È la storia di Zain (Zain Al Rafeea), un ragazzino dodicenne, profugo siriano a Beirut, figlio d’una famiglia indigente e priva di documenti. I genitori, tutt’altro che amorevoli ma anche spinti dal ricatto della povertà, vendono la sorellina undicenne a un triste figuro che la vuole in sposa. Zain, disgustato, scappa e incontra Rahil (Yordanos Shiferaw), una ragazza etiope senza permesso di soggiorno, madre di un neonato: non è meno disperata di lui, ma gli dimostra affetto. Purtroppo finisce in carcere, e Zain è costretto a prendersi cura del piccolo: nonostante l’eccezionale tempra, il suo destino è segnato dalla condizione di estrema miseria materiale e morale in cui vive. Ma avrà un incredibile scatto d’orgoglio e lucidità, portando davanti al tribunale i genitori, accusandoli di tutto il male commesso. Ed è ovvio che, sottoposti al giudizio della corte, non sono solo i singoli, ma il sistema nella sua interezza, incapace di prendersi cura dei propri figli. Infatti il mondo adulto in Cafarnao ne esce malissimo, con uomini che vendono bambini o vogliono approfittarne sessualmente.
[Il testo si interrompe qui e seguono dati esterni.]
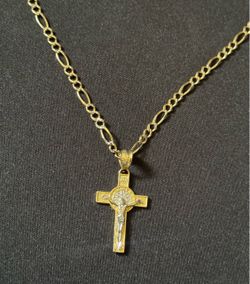 14k Gold cross pendant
Nadine Labaki ha compiuto un lungo lavoro di ricerca sul campo e un’attenta selezione dei protagonisti: lo stesso Zain è realmente un profugo siriano con esperienze di vita non lontanissime da quelle vissute dal personaggio di Cafarnao. È difficile però non provare un senso di disagio e di diffidenza di fronte a un racconto che, pur nella nobiltà di temi e intenzioni, persegue uno stile che sa di sensazionalismo.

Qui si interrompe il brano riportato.